Neighborcare Health, a community health center in Seattle that runs six SBHCs, received $500,000 in ACA grants that it’s using to expand its dental services, upgrade outdated medical equipment and remodel an existing health center so it can operate at capacity. Every public high school in Seattle now has an onsite health center. That’s because the city makes the centers a priority by funding roughly 60 percent of every SBHC’s budget through a families and education tax, according to Colin Walker, school-based program manager of Neighborcare Health.
Advocates and practitioners agree that the biggest barrier to starting and operating these health centers is money.

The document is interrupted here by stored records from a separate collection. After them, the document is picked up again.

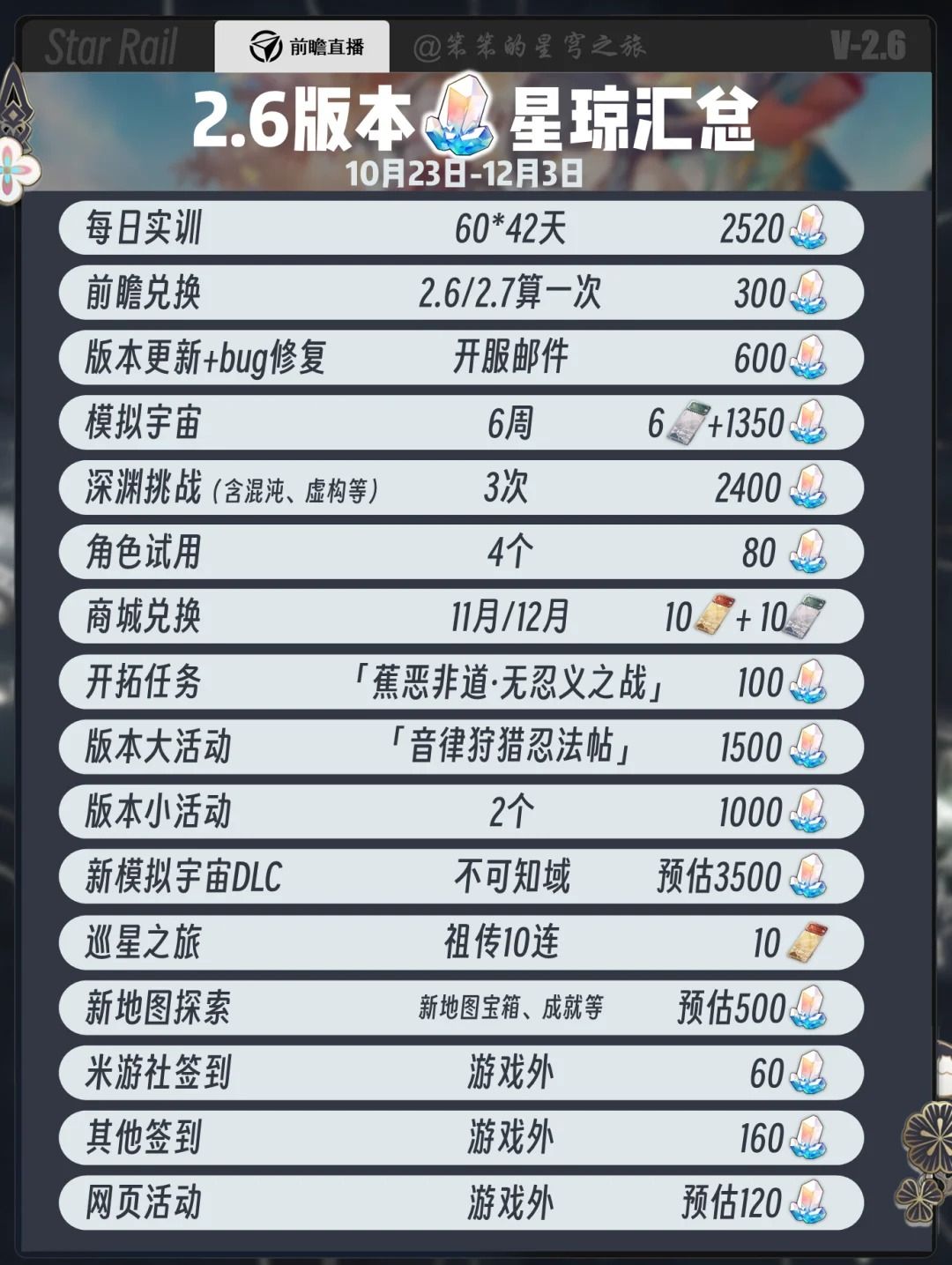 《崩坏星穹铁道》2.6星琼数量统计2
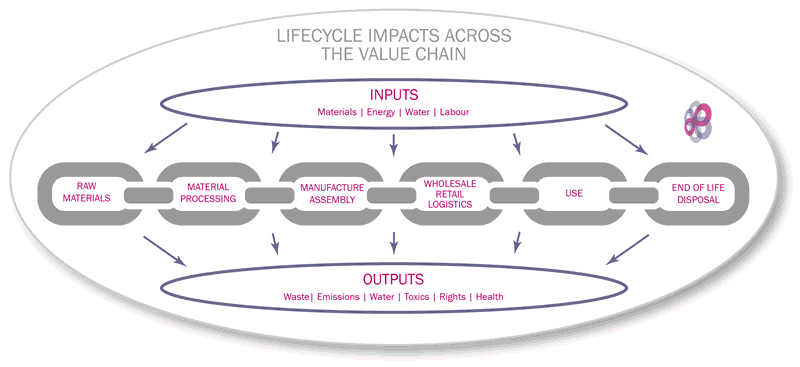 Assessing product sustainability - impacts across the value chain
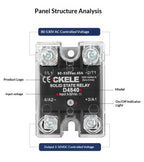 D48 Series SSR Single Phase Solid State Relay DC-AC AC-AC Control Zero Crossing AC Relay Industrial Electronic Switching Module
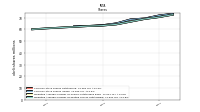 Weighted Average Number Of Diluted Shares Outstanding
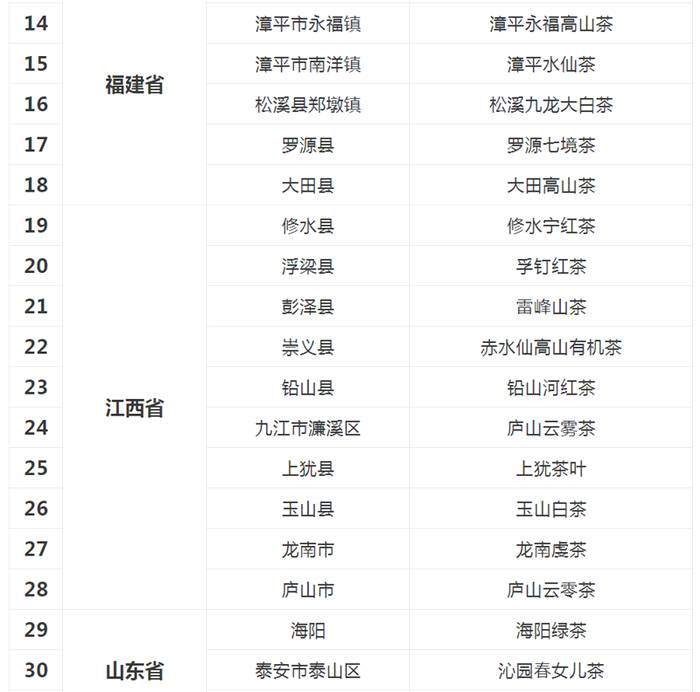 关于2020年全国乡村特色产品和能工巧匠名单公布，与茶相关65个！的最新资讯(3)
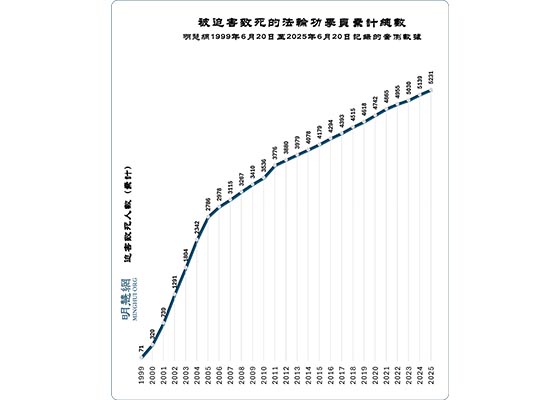 反迫害二十六周年 迫害数据统计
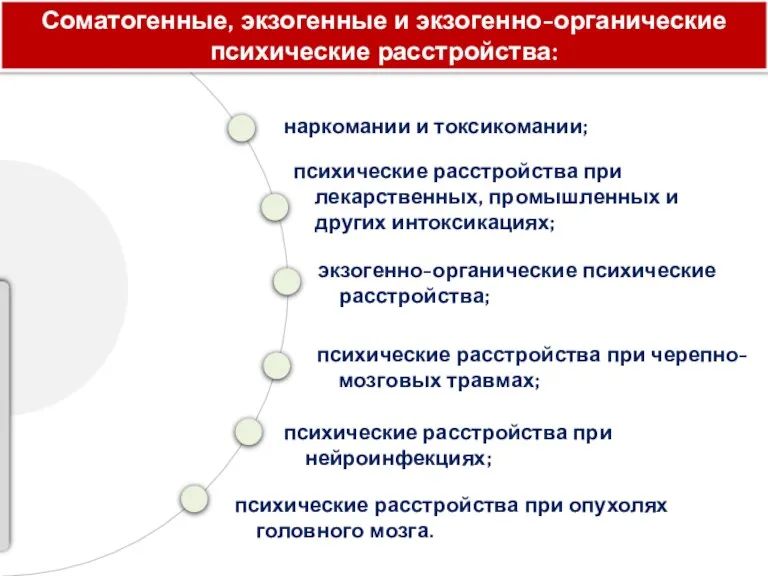 наркомании и токсикомании; психические расстройства при лекарственных, промышленных и других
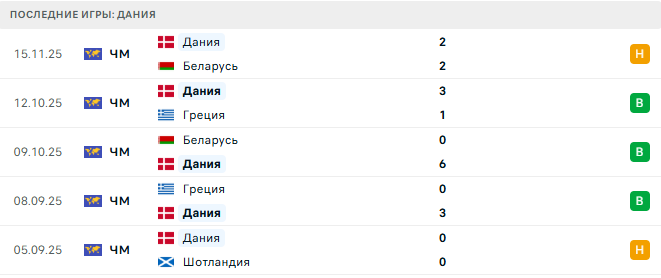 Прогноз на матч Шотландия – Дания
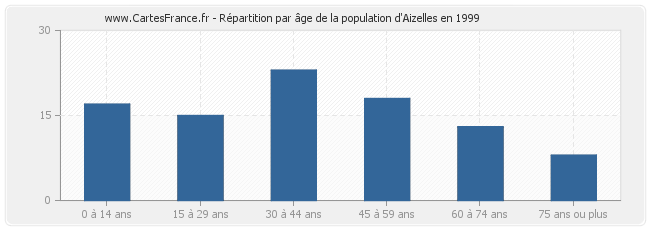Répartition par âge de la population d'Aizelles en 1999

Right now, SBHCs are only in roughly 2 percent of the nation’s public schools, says Schlitt of NASBHC, because until recently, there just hadn’t “been the level of financial support for this model, and that contributed to a smaller scale-up.”
Finding funding is a constant battle for school-based health centers, as they offer virtually free services to every student -- and sometimes school staff, parents and community members. The recession undoubtedly squeezed SBHCs’ budgets, but, “much to our surprise, the cuts at the state level have not been as dramatic as they could be,” Schlitt says. And despite the cuts, Walker adds, services haven’t been impacted at the centers run by Seattle’s Neighborcare Health.
Even though SBHCs dodged the worst of the recession and have a new federal funding source, they may continue struggling. The ACA grants can only be used for capital needs like construction, renovation and new equipment -- not for operational expenses. The health law authorized $50 million for operational costs, but didn’t appropriate any of the funds.
Also, since the economy tanked, states have made Medicaid reimbursement more difficult. That means the centers have to look elsewhere to break even. “When you’re seeing kids regardless of their ability to pay, an organization has to be robust or creative in how they search for funding,” says Walker.
Luckily, virtually every entity that applied for the new federal SBHC grants received at least a portion of the funds. Unlike the rest of the federal health law, advocates argue, school-based health centers are a nonpartisan solution to a pervasive problem.